I'm trying to implement a thread-safe Map cache, and I want the cached Strings to be lazily initialized. Here's my first pass at an implementation:

public class ExampleClass {

    private static final Map<String, String> CACHED_STRINGS = new HashMap<String, String>();

    public String getText(String key) {

        String string = CACHED_STRINGS.get(key);

        if (string == null) {

            synchronized (CACHED_STRINGS) {

                string = CACHED_STRINGS.get(key);

                if (string == null) {
                    string = createString();
                    CACHED_STRINGS.put(key, string);
                }
            }
        }

        return string;
    }
}

After writing this code, Netbeans warned me about "double-checked locking," so I started researching it.

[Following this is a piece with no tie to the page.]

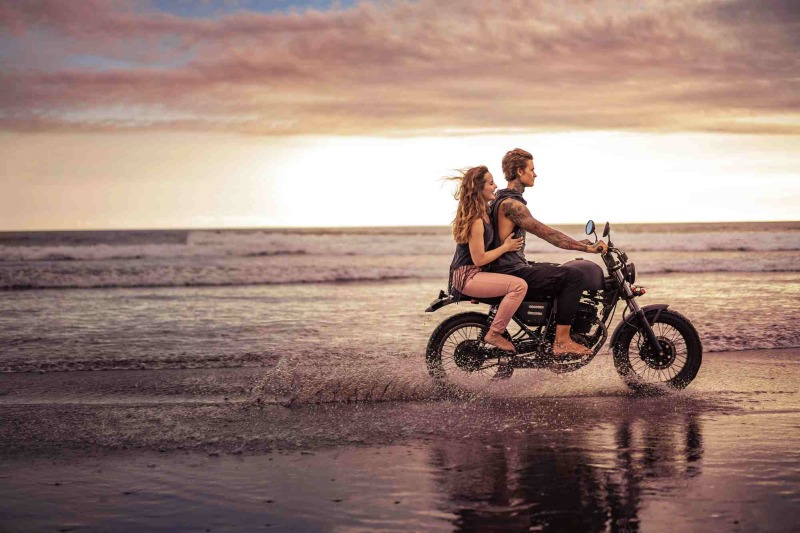 Motorrad Fahrt am Strand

I found The "Double-Checked Locking is Broken" Declaration and read it, but I'm unsure if my implementation falls prey to the issues it mentioned. It seems like all the issues mentioned in the article are related to object instantiation with the new operator within the synchronized block. I'm not using the new operator, and Strings are immutable, so I'm not sure that if the article is relevant to this situation or not. Is this a thread-safe way to cache strings in a HashMap? Does the thread-safety depend on what action is taken in the createString() method?

stiemannkj1
  • 4,418
  • 3
  • 25
  • 45
  • 7
    Why not just use `ConcurrentHashMap`? – Andy Turner Feb 08 '16 at 14:20
  • 1
    And to answer your title: yes, provided all other accesses to the map are synchronized too. – Andy Turner Feb 08 '16 at 14:21
  • `final` has nothing to do with what you are trying to do! –  Feb 08 '16 at 14:25
  • Hmm, I was told `HashMap` would perform better. It seems [self evident](http://stackoverflow.com/questions/1378310/performance-concurrenthashmap-vs-hashmap), but perhaps I'm prematurely optimizing. I would still like to know whether this approach will work even if it isn't the best or most obvious. – stiemannkj1 Feb 08 '16 at 14:26
  • @JarrodRoberson, so whether it's `final` or not has no effect on the thread-safety in this situation? – stiemannkj1 Feb 08 '16 at 14:27
  • Final: http://stackoverflow.com/questions/15655012/how-final-keyword-works – Austin Feb 08 '16 at 14:28
  • There is actually the *volatile solution*, see the section *Fixing Double-Checked Locking using Volatile* in the link you provided. Unless you're using JDK4 or earlier. – sp00m Feb 08 '16 at 14:29
  • I know, about `volatile`, but I was under the (seemingly mistaken) impression that double-checked locking being broken had to do with using the `new` operator within the `synchronized` block since all the examples from the article use it. – stiemannkj1 Feb 08 '16 at 14:31
  • see [The final word on final](http://www.vertigrated.com/blog/2011/05/the-final-word-on-final/) for an indepth explination of what `final` is for. `final` is critical for using a reference as a lock target, but it does not have anything specific to do with `concurrency`. –  Feb 08 '16 at 14:37
  • 1
    In this case, it looks like the JVM cannot reorder the assignment and the placing the string in the map. The question comes down to, have you exposed an un-intitialized String via the map? If it does, I doubt the volatile fix would fix the issue because only the map is volatile. So, is there any guarantee that the string will finish being initialized by the time it is in the map? – matt Feb 08 '16 at 14:50
  • @matt, can a `String` be partially initialized? It seems like [initialization of a `String` should be atomic](http://stackoverflow.com/questions/4756536/what-operations-in-java-are-considered-atomic). – stiemannkj1 Feb 08 '16 at 15:02
  • I would say yes, there is no synchronization when creating a string. Which means there is no guarantee that the string will be finished being created. Only a few specific actions are atomic without using synchronized, volatile. eg. The assignment of a 32bit int or float as per your example. [string](http://grepcode.com/file/repository.grepcode.com/java/root/jdk/openjdk/6-b14/java/lang/String.java) – matt Feb 08 '16 at 15:09
  • @JarrodRoberson -- `final` has something to do with concurrency since java 5 ... they added another meaning to `final` (which is rather unrelated to the previous meanings). see my explanation http://stackoverflow.com/questions/35167777/are-immutable-objects-immune-to-improper-publication/35169705#35169705 – ZhongYu Feb 08 '16 at 19:49
  • double-checked locking does work with immutables; but your real problem is to read/write a HashMap concurrently, which is highly dangerous. the danger is not just theoretical. google `hashmap high cpu usage` -- and you'll see, it could completely freeze the application. – ZhongYu Feb 08 '16 at 19:51

4 Answers4

5

No it's not correct because the first access is done out side of a sync block.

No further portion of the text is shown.